The club has had many excellent hill runners like the Shields twins, international runners like Brian Potts and Ian Murphy and other top class runners like Andy Dytch and veteran Brian Edridge,  but also including women such as Cathy Farrell, Shelagh King, Marjorie Small, Susanne Niedrum and Christine Menhennet.    They held several ‘Come and Try Hill Running’ days at Old Kilpatrick in the mid-90’s aimed specifically at women.   They were successful.   It is surprising how many women find that they actually like running on the hills, away from the traffic and the crowds down below.   We are fortunate to have the Kilpatricks on our doorstep.  When I followed the Highland Fling two weeks ago, it was really surprising to find how many women of all ages were taking part.

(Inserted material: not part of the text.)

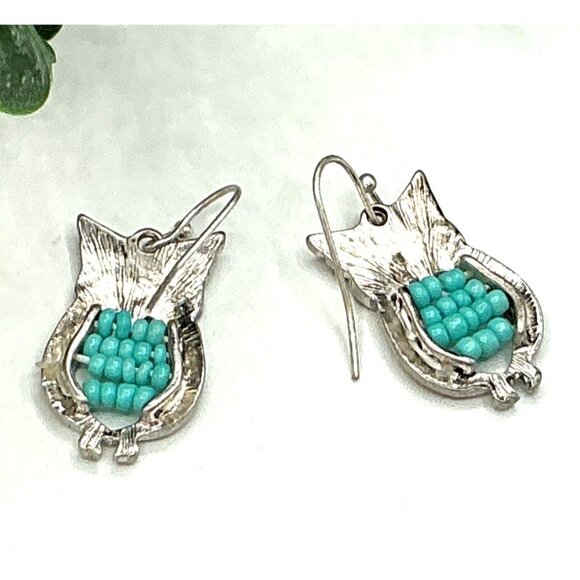 Antique Silver Tone Turquoise Beaded Owl Dangle Earrings Vintage Style Jewelry - Picture 3 of 7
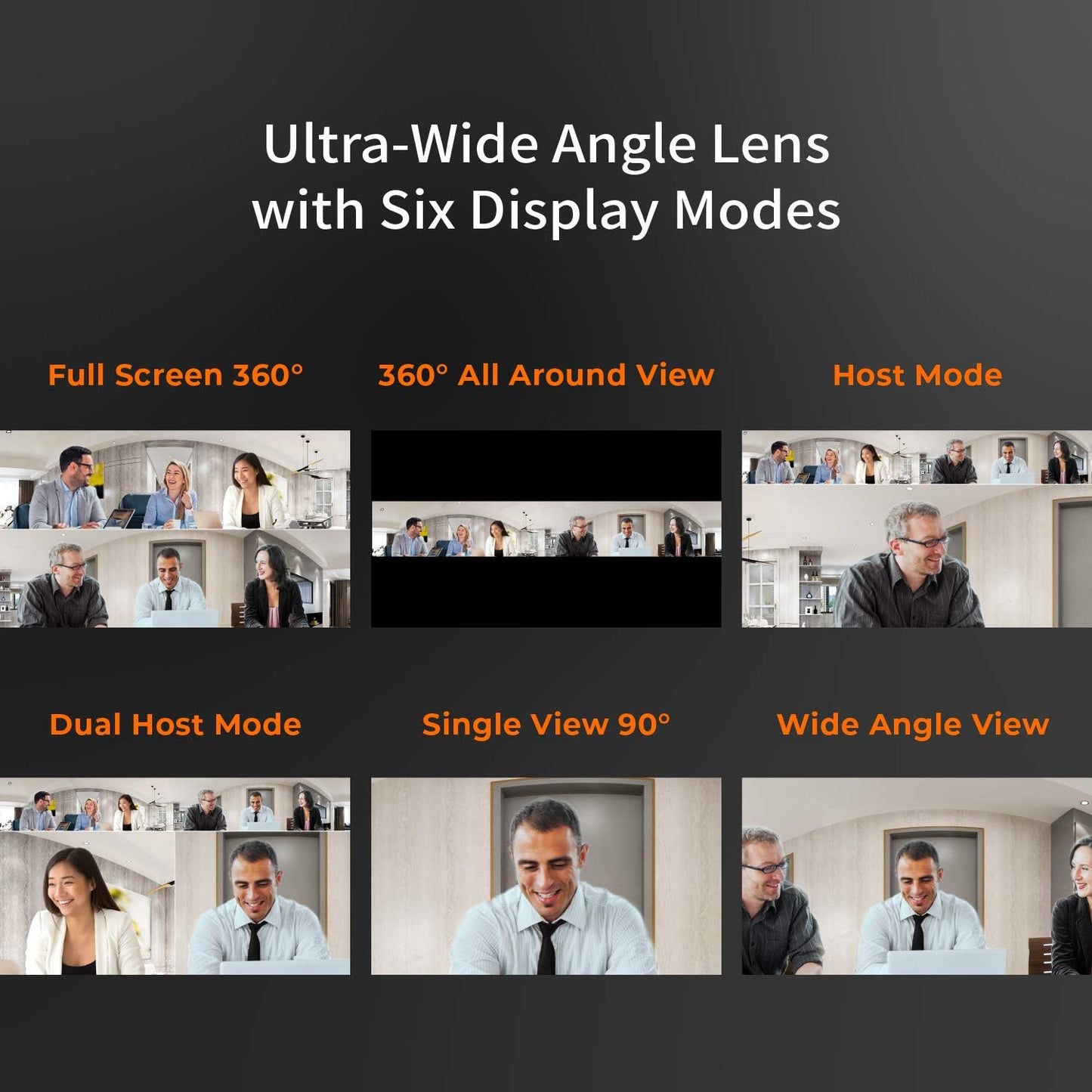 360 Degree All around Meeting Webcam - 1080P HD Video Conference Camera with High Fidelity Microphone, USB-C | for Video Conferencing, Online Classes, and Collaboration (JVCU360)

A new book has appeared which details the gradual acceptance of women in hill races – and their welcoming and the having their presence in all sorts of hill races sought alongside the male side which traditionally dominated.   Initially rebuffed, then tolerated anf finally welcomed in races of all distances.   It is called “Voices from the Hills” and has been written by Steve Chilton  who has written several books about fell running, starting with the aptly titled “It’s a Hill, Get Over It!”   Well worth a look – get it from your library.   Even if you are not into hill running, even if you don’t want to even try it, it is a great story of women’s struggle acceptance more essentially in society.   

But if Clydesdale Harriers men and women were running in the Lairig Ghru, the Great Wilderness Challenge and the Bens of Jura in the 80’s and 90’s, why not give it a try – starting in the Kilpatricks!